さらに、異なる厚み(35μmと20μm)のコラーゲンフィルムを用いて作製した支持体(長尺部の幅が450μm)を用いた出力装置についての発生張力を同一条件で試験した。結果を図7に示す。図7に示すように、厚みが20μmであるとき、発生張力は厚みが35μmの場合に比べて半減していた。このことから、長尺部の厚みが20μm程度であると、筋細胞の収縮力を取り出しにくく、また筋細胞の収縮力の検出感度が低下する傾向があることがわかった。以上の結果から、筋細胞の収縮力に基づく出力の取り出し及び評価を考慮すると長尺部ないし支持体の厚みは25μm以上であることが好ましいことがわかった。
2 出力装置
4 複合体
10 支持体
12 長尺部
14 連結部
16 貫通孔部
20 筋細胞

Claims (19)

  1. 筋細胞の出力装置であって、
    所定の幅を有する1又は2以上のフィルム状の長尺部を備えるコラーゲンを主体とする支持体と、前記支持体の前記長尺部上で培養され保持された筋細胞と、を有する複合体、
    を備え、
    前記長尺部の幅は、400μm以上500μm以下である、出力装置。
  2. 前記筋細胞は、前記支持体の平面形状に倣ってコンフルーエント状態に培養されている、請求項1に記載の出力装置。
  3. 前記長尺部の幅は、440μm以上460μm以下である、請求項1又は2に記載の出力装置。
  4. 前記長尺部の厚みは、25μm以上100μm以下である、請求項1〜3のいずれかに記載の出力装置。
  5. 前記長尺部の長さは、2mm以上50mm以下である、請求項1〜4のいずれかに記載の出力装置。
  6. 前記支持体は、前記長尺部の長軸方向に沿う両端に、コラーゲンを主体として前記長尺部と連続する、前記長尺部を前記長尺部上に保持された筋細胞の収縮の出力を取り出す部材に連結するための連結部をさらに有している、請求項1〜5のいずれかに記載の出力装置。
  7. 筋細胞の出力装置の製造方法であって、
    400μm以上500μm以下の幅を有する1又は2以上のフィルム状の長尺部を備えるコラーゲンを主体とする支持体上で、筋細胞又はその前駆細胞を培養する工程、
    を備える、製造方法。
  8. 前記培養工程は、前記支持体を細胞非接着性表面に配置した状態で前記筋細胞又はその前駆細胞を培養する工程である、請求項7に記載の製造方法。
  9. 筋細胞の筋出力の評価方法であって、
    以下の工程;
    (a)請求項1〜6のいずれかに記載の筋細胞の出力装置の前記細胞に対して、筋収縮を促進する1又は2以上の刺激を付与する工程と、
    (b)前記出力装置に発生した収縮力を検出する工程と、
    を備える、方法。
  10. 前記(a)の工程は、筋収縮を生じさせる物理的刺激を前記筋細胞に付与する工程である、請求項9に記載の方法。
  11. 前記(a)工程は、化学的刺激を付与する工程である、請求項9又は10に記載の方法。
  12. 前記化学的刺激は、1又は2以上の化合物である、請求項11に記載の方法。
  13. 前記(b)工程は、等尺性収縮又は等張性収縮による評価系によって前記収縮力を検出する工程である、請求項9〜12のいずれかに記載の方法。

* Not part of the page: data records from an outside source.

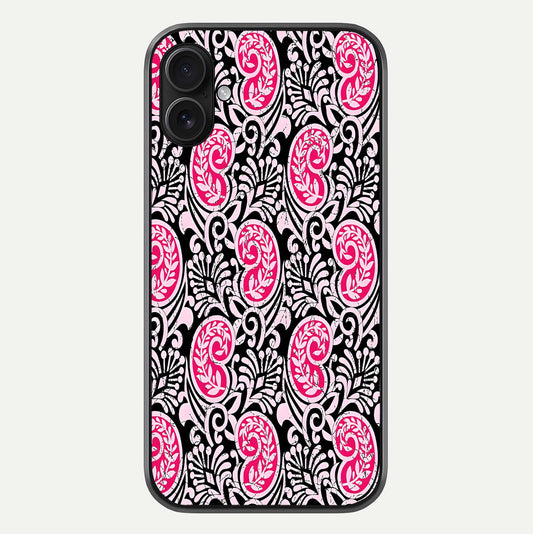 Crimson Paisley Charm Glass Case For iPhone 16 Plus by Custom World
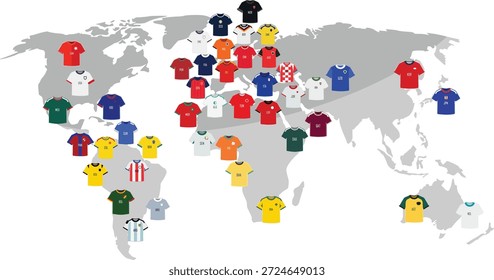Gran Vector editable de diseño de camiseta de la nación concursante de fútbol mundial o torneo de fútbol para cualquier medio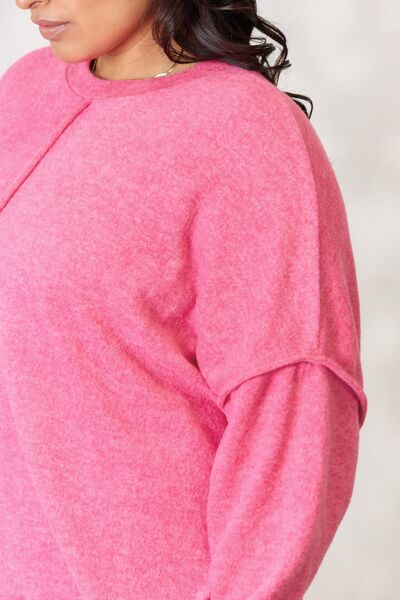 Hot Pink Zenana Full Size Center Seam Long Sleeve Sweatshirt Sentient Beauty Fashions Apparel & Accessories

  14. 筋細胞の収縮を促進又は阻害する薬剤のスクリーニング方法であって、
    以下の工程;
    (a)請求項1〜6のいずれかに記載の筋細胞の出力装置の前記筋細胞に対して、1又は2以上の試験化合物を付与する工程と、
    (b)前記出力装置に発生した収縮力を検出する工程と、
    を備え、
    前記(a)の工程は、さらに、筋収縮を生じさせる刺激を付与することを含む、方法。

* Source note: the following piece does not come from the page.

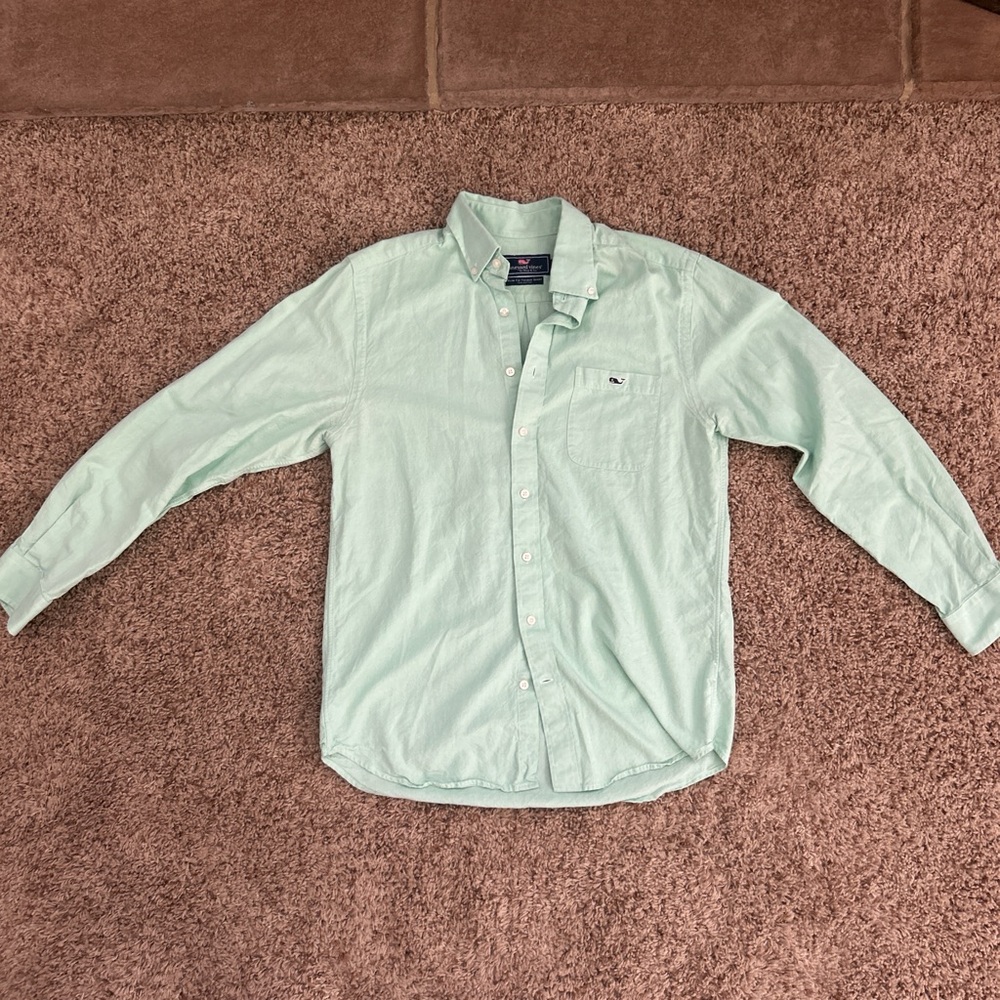 Vineyard Vines Mint Green Mens Button-Down Shirt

  15. 前記刺激は、物理的刺激である、請求項14に記載の方法。
  16. 筋収縮を促進又は阻害する薬剤に対する特定個体から採取した筋細胞の反応性を評価する方法であって、
    以下の工程;
    (a)請求項1〜6のいずれかに記載の筋細胞の出力装置であって前記筋細胞は前記特定個体から採取された筋細胞である出力装置の前記筋細胞に対して、筋収縮を促進又は阻害する1又は2以上の薬剤を付与する工程と、
    (b)前記出力装置に発生した収縮力を検出する工程と、
    を備え、
    前記(a)の工程は、さらに、筋収縮を生じさせる刺激を付与することを含む、方法。
  17. 再生医療用材料の筋出力の評価方法であって、
    以下の工程;
    (a)請求項1〜6のいずれかに記載の筋細胞の出力装置であって前記筋細胞は前記再生医療用材料を構成する筋細胞である出力装置の前記筋細胞に対して、筋収縮を促進する1又は2以上の刺激を付与する工程と、
    (b)前記出力装置に発生した収縮力を検出する工程と、
    を備える、方法。
  18. 筋細胞の出力装置のための支持体であって、
    400μm以上500μm以下の幅を有する1又は2以上のフィルム状の長尺部を備えるコラーゲンを主体とする支持体。
  19. 前記長尺部の長軸方向に沿う両端に、コラーゲンを主体として前記長尺部と連続し、前記長尺部を前記長尺部上に保持された筋細胞の収縮の出力を取り出す部材に連結するための連結部をさらに有している、請求項18に記載の支持体。